**Exercise prompt:** Starting at the first line of the listing below, repeat each line up to and including the one containing "Wine Rack Wall". Leave out pictures.

**Data excerpt:**
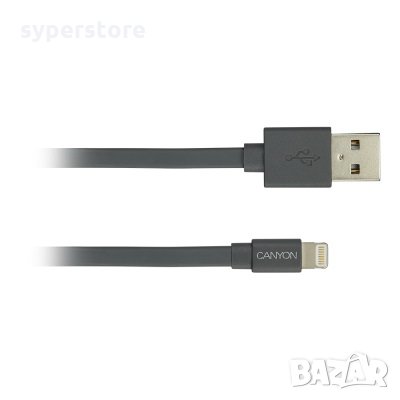 Кабел Lightning към USB CANYON CNS-MFIC2DG за iPhone 1m Тъмносив Плосък Lightning to USB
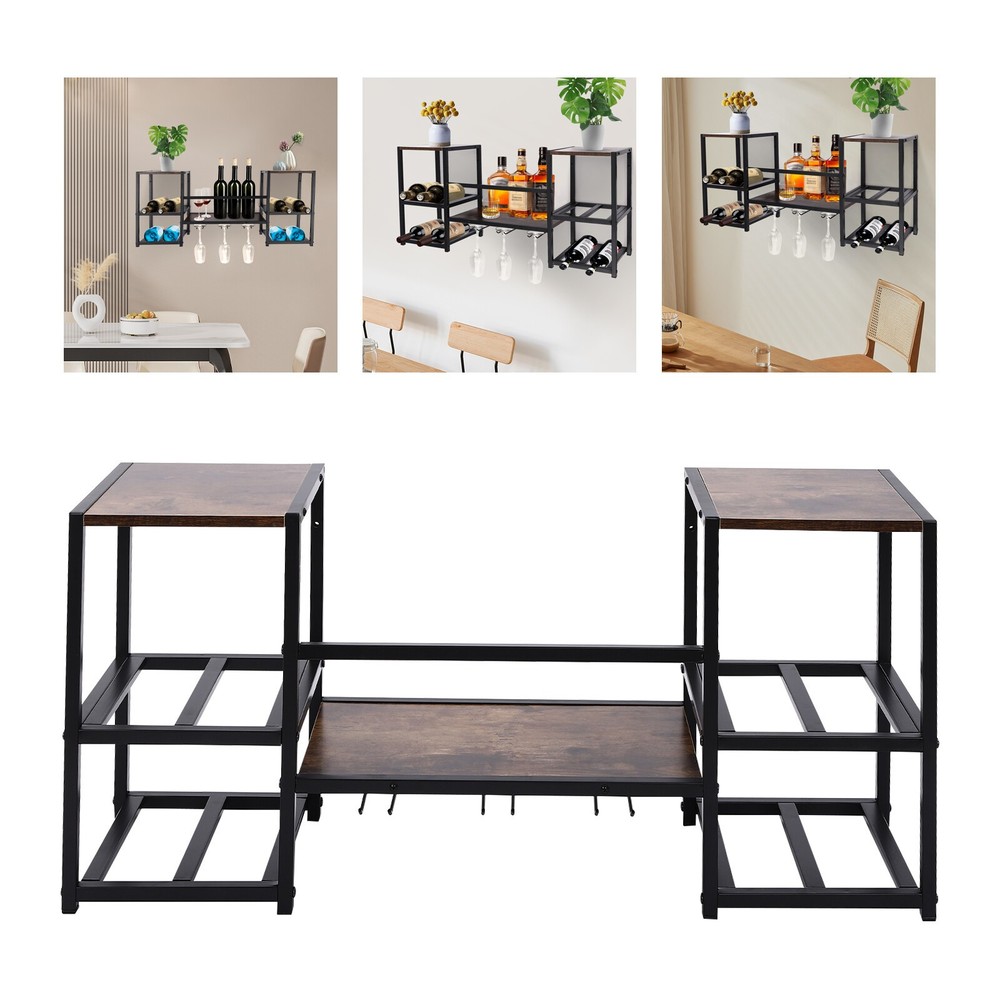 Wine Rack Wall Mounted, Wine Storage Display Rack, Industrial Wall Mounted Rack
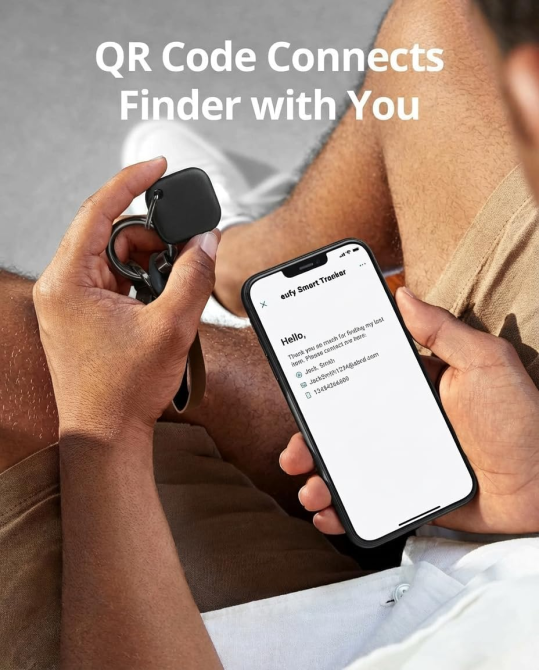 Комплект Bluetooth-трекерів eufy SmartTrack Link (2 шт.) для Apple Find My: Пошук ключів та багажу, Водонепроникний, Black Київ - фото 8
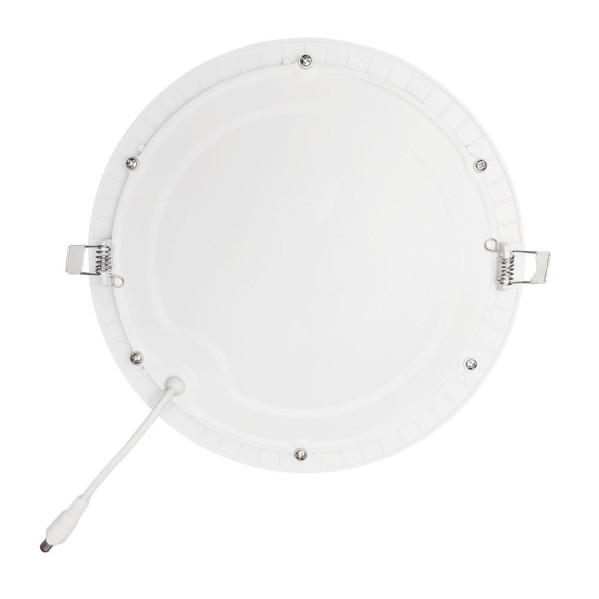 Un panel de luz LED redondo y blanco con clips de resorte y un cable de alimentación.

**Reply to the task:**
 Кабел Lightning към USB CANYON CNS-MFIC2DG за iPhone 1m Тъмносив Плосък Lightning to USB
 Wine Rack Wall Mounted, Wine Storage Display Rack, Industrial Wall Mounted Rack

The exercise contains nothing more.